On Sharpness of Error Bounds for Single Hidden Layer Feedforward Neural Networks

TL;DR

This paper demonstrates the sharpness of error bounds in univariate approximation by single hidden layer neural networks with sigmoid and ReLU activations, using a novel extension of the uniform boundedness principle.

Contribution

It introduces a new non-linear extension of the uniform boundedness principle to establish the optimality of approximation error bounds for neural networks.

Findings

Error bounds are sharp and cannot be improved.

Approximation errors do not belong to the little-o class of bounds.

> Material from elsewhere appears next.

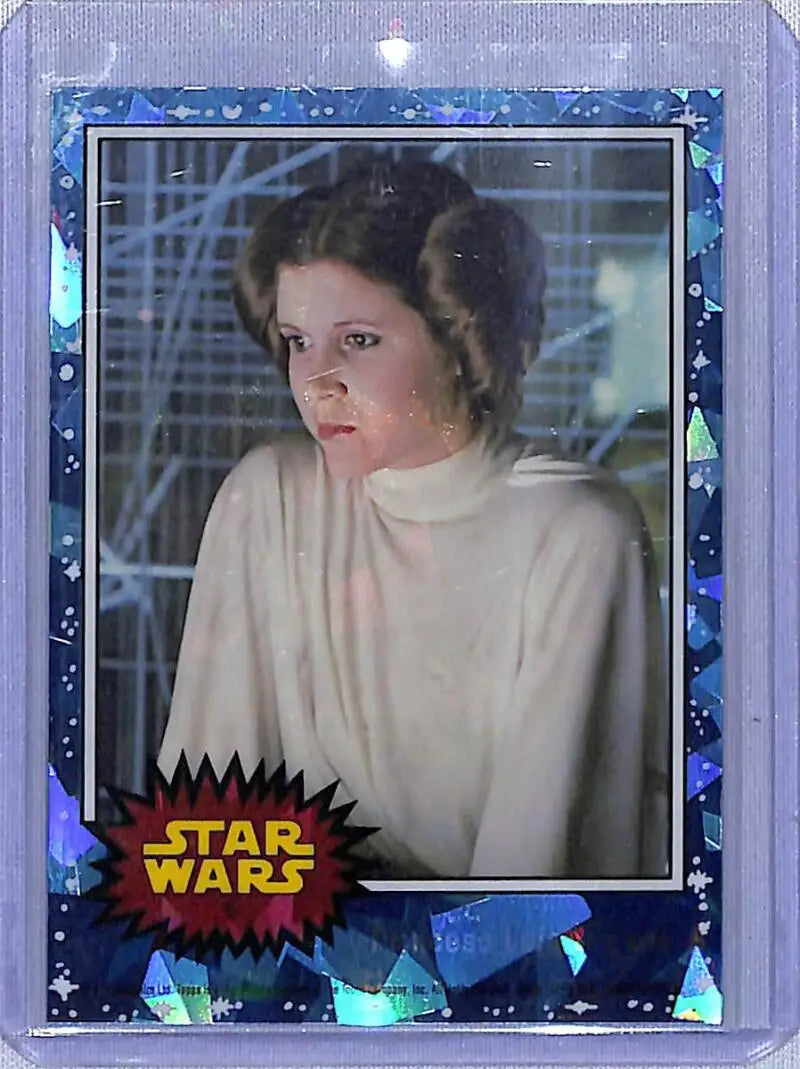 Star Wars Princess Leia Organa trading card from 2022 Topps Star Wars Sapphire series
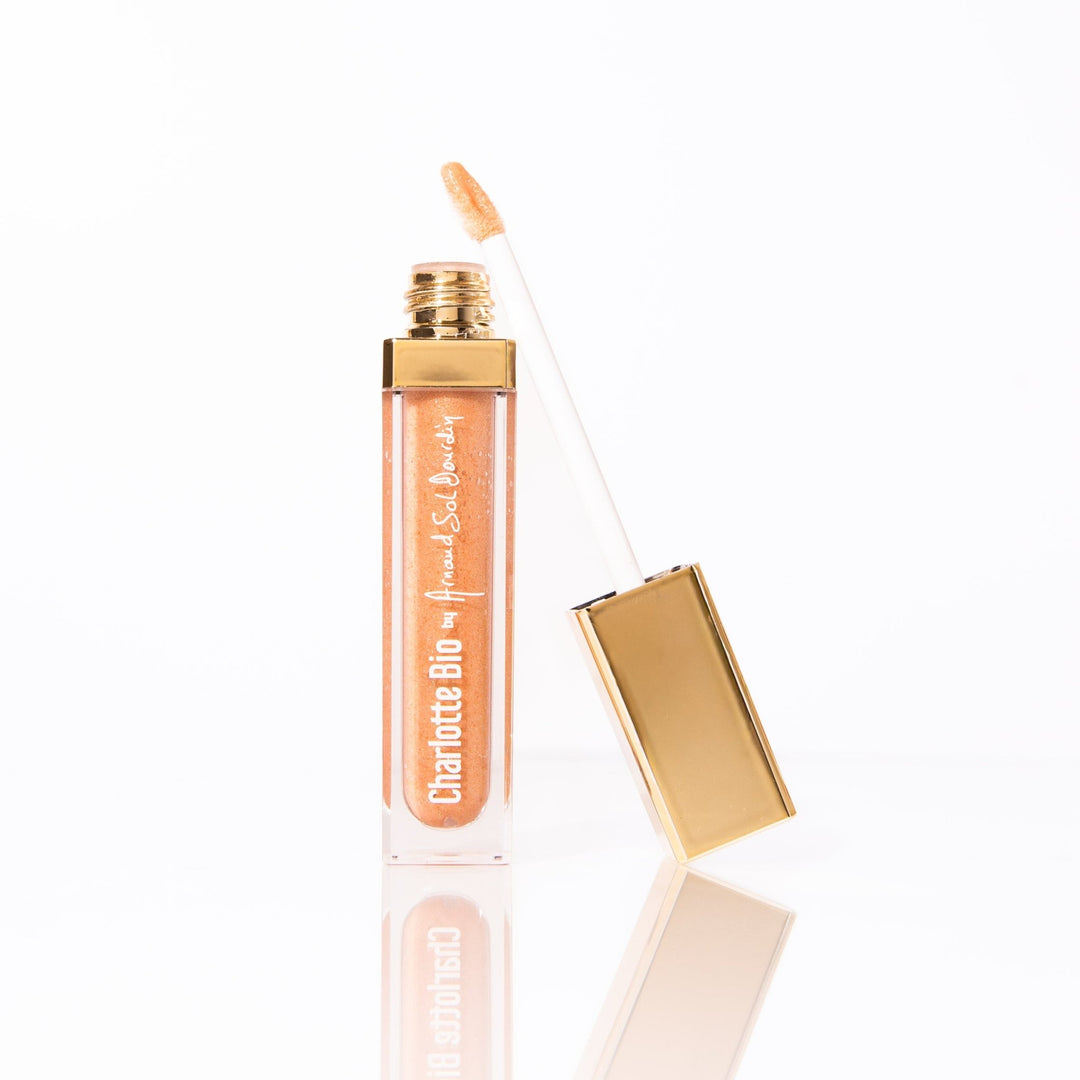Lip Glow Charlotte Bio, tono nude con brillo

Results extend to various activation functions including inverse tangent.

Abstract

A new non-linear variant of a quantitative extension of the uniform boundedness principle is used to show sharpness of error bounds for univariate approximation by sums of sigmoid and ReLU functions. Single hidden layer feedforward neural networks with one input node perform such operations. Errors of best approximation can be expressed using moduli of smoothness of the function to be approximated (i.e., to be learned). In this context, the quantitative extension of the uniform boundedness principle indeed allows to construct counter examples that show approximation rates to be best possible. Approximation errors do not belong to the little-o class of given bounds. By choosing piecewise linear activation functions, the discussed problem becomes free knot spline approximation. Results of the present paper also hold for non-polynomial (and not piecewise defined) activation functions like inverse tangent. Based on Vapnik-Chervonenkis dimension, first results are shown for the logistic function.